К тем самым Покровским воротам, откуда все начиналось. Где жив дух радостной и освобождающей мир импровизации Костика Ромина. Где всегда звучит музыка без фальши, а за углом прячется недогоняемый мотоцикл Савранского. Где может случиться настоящая любовь. Сколько бы подлых, безжалостных каверз ни выкинула отшумевшая история (ох, не один ХХ век тут потрудился), какие бы гостинцы ни заготовило грядущее, а такое не забывается. Ни трезвенниками, ни жуликами, ни скромниками, ни правдоискателями, ни — тем более — мудрым писателем, всем им подарившим жизнь. Спасшим от забвения не одних только придуманных им героев. Знающим, что от самоистребления и забвения берегут род человеческий не разумные доктрины, но сказки со счастливым концом и шебутной, ликующий, переполненный фанаберией и интригами, но живой и свободный театр. Без которого не было бы прозы Леонида Зорина. Грустной, требовательно строгой, иногда — жестко крушащей опасные иллюзии, но всегда человечной и благородной.

Оглянемся еще на раз на зоринских героев. Разные люди. Порой — слабые, неловкие, колючие, раздражающие близких (да и нас), очень часто — виноватые (и ведь не без вины). Но (если вынести за скобки легко распознаваемую и неинтересную нелюдь) — хорошие и достойные нашего сочувствия. Той милости, в которой так нуждаемся мы сами. Той милости, которая в сознании человека русской культуры всегда ассоциируется с Пушкиным.

В «Сансаре» Зорин делает скромного провинциального гуманитария Горбунова «новым воплощением» князя Горчакова. Почему? Ведь складывалось у них все так по-разному. Горбунов — неудачник, Горчаков — баловень Фортуны; Горбунов обречен безвестности — Горчаков надолго вписал свое имя в историю страны; попытка горбуновского «служения» была бессмысленной и противоречащей его духу — Горчаков исполнял государственный долг убежденно и со зримой пользой для России; любовь Горбунова была коротким наваждением и отозвалась новой болью — Горчаков познал истинное единство душ, память о котором драгоценна для него и после смерти жены; наконец, Горчаков — старик, а Горбунов — человек, состарившийся до времени. И все же именно мимолетный роман Горбунова повторяет (возвращает) любовь светлейшего, и все же тихий неудачник ощущает в себе дух собеседника государей, вершителя европейских судеб, друга Пушкина. В том ли только дело, что всякому старику несладко, что бессонница томительна, что печаль об ушедших не отпускает душу, что подведение итогов неизбежно отзывается горечью? (Ну да, помог Горчаков России выкарабкаться из крымского провала — а дальше? Мы ведь знаем доподлинно то будущее, которое, многого и себе не договаривая, с тревогой угадывает великий государственный муж.) Выходит, что старческая грусть светлейшего должна служить утешением бедолаге Горбунову: как, мол, ни возносись, а зло, бессмыслица, смерть свое возьмут. Нет, не выходит. Хотя тень этой черной мысли в повести ощутима, как внятен и отсыл к страшной монотонной поэме молодого Бродского о двойниках-безумцах, других Горбунове и Горчакове. Но тень не перекрывает света — зоринские Горчаков и Горбунов смогли отразиться друг в друге, потому что они способны ощутить счастье (пусть недолгое) и быть благодарными за это чувство.
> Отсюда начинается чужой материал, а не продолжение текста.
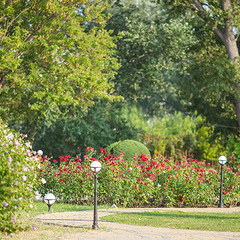 Пансионат Джемете, Джемете, Краснодарский край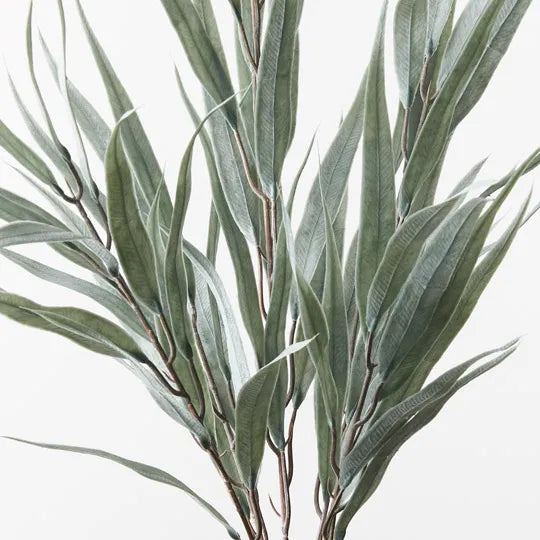 Eucalyptus Long Leaf Bush 55 cm
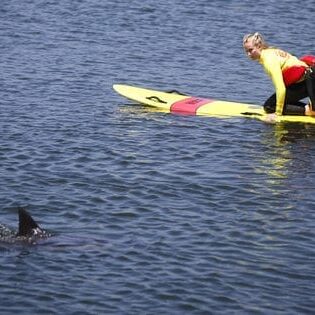 wayward dolphin in bolsa chica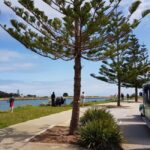 Mandurah: Big Toot 30 mins scenic tour - What Reviewers Say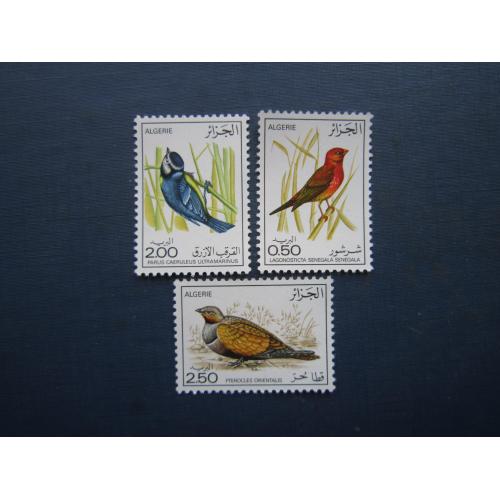 3 марки Алжир 1976 фауна птахи MNH КЦ 9 $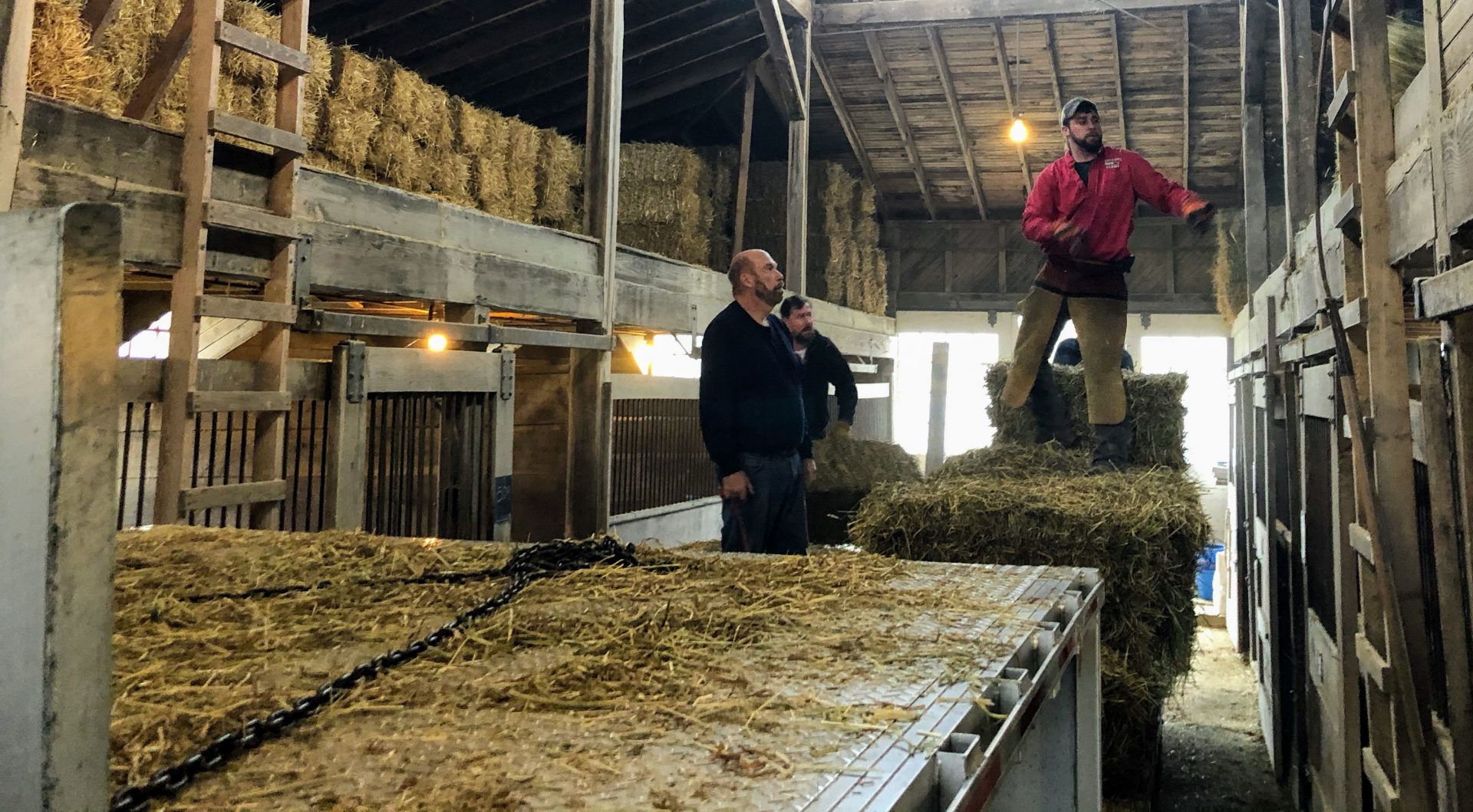 Workers unload hay at Hanover Shoe Farms on Feb. 11, 2020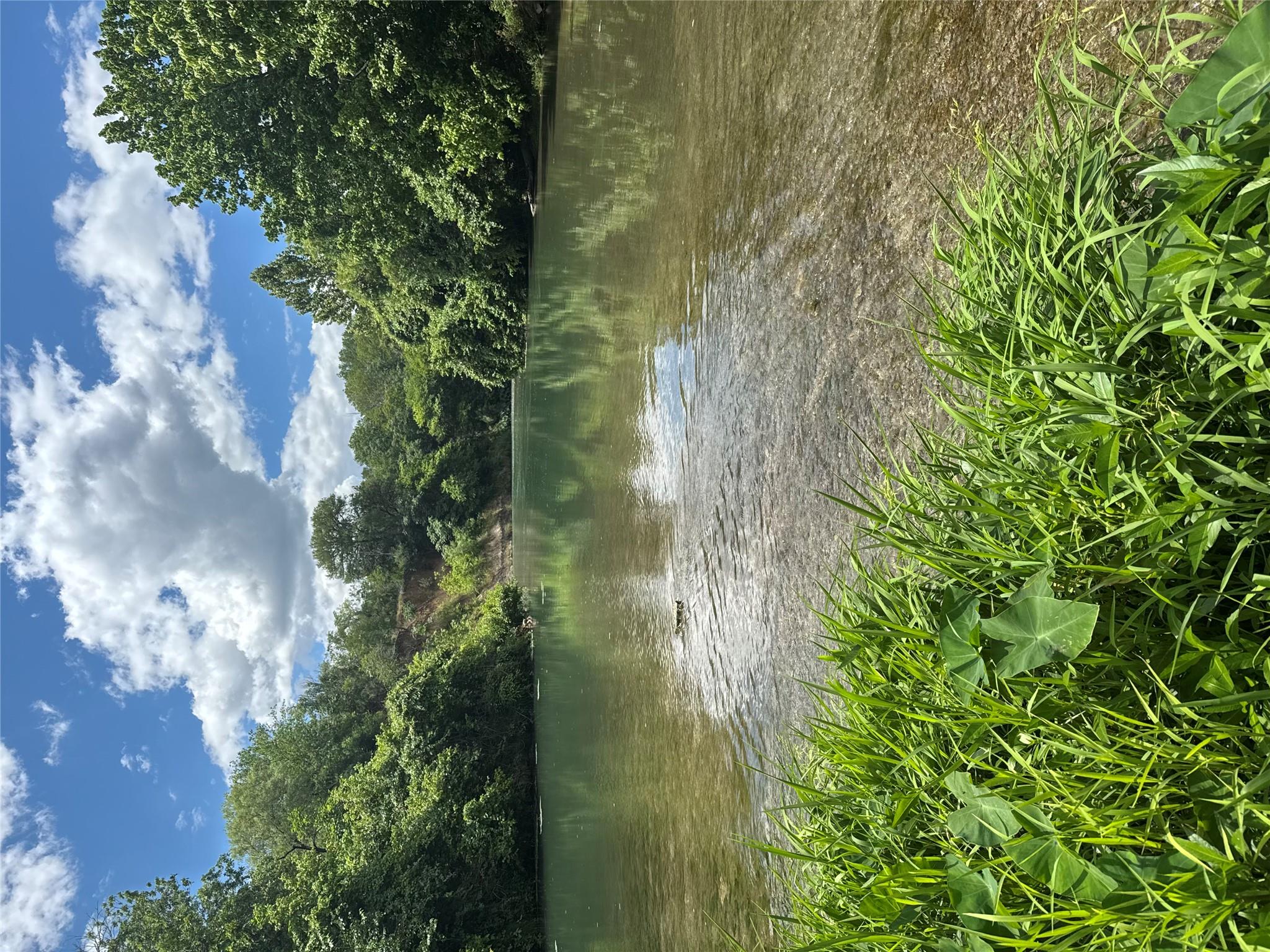 Lot 4 - TBD FM 1979 Rd, Martindale, TX 78655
Тридцать с лишком лет назад года назад Зорин завершил свою «пушкинскую» пьесу «Медная бабушка» словами первого поэта: «Жизнь гнусна, да жить хорошо. Смешно, а так <…> Будем веселы. Простим судьбе и дурное и злое. Благословим за все добро». Ныне писатель замыкает «Забвение» (сегодняшний, наряду с «Сансарой», итог его печальной и счастливой «человеческой комедии») чередой рассеянных полумыслей-полувпечатлений теряющего память героя. Детство, любовь, утрата, бесконечность обрывающейся жизни, жалость ко всем. Последняя строчка — «Надо выпрямить спину».

Как же иначе? Мы на театре.


* Леонид Зорин. Проза: В 2-х тт. Т. 1. Забвение. М.: Время, 2004. С. 7–20.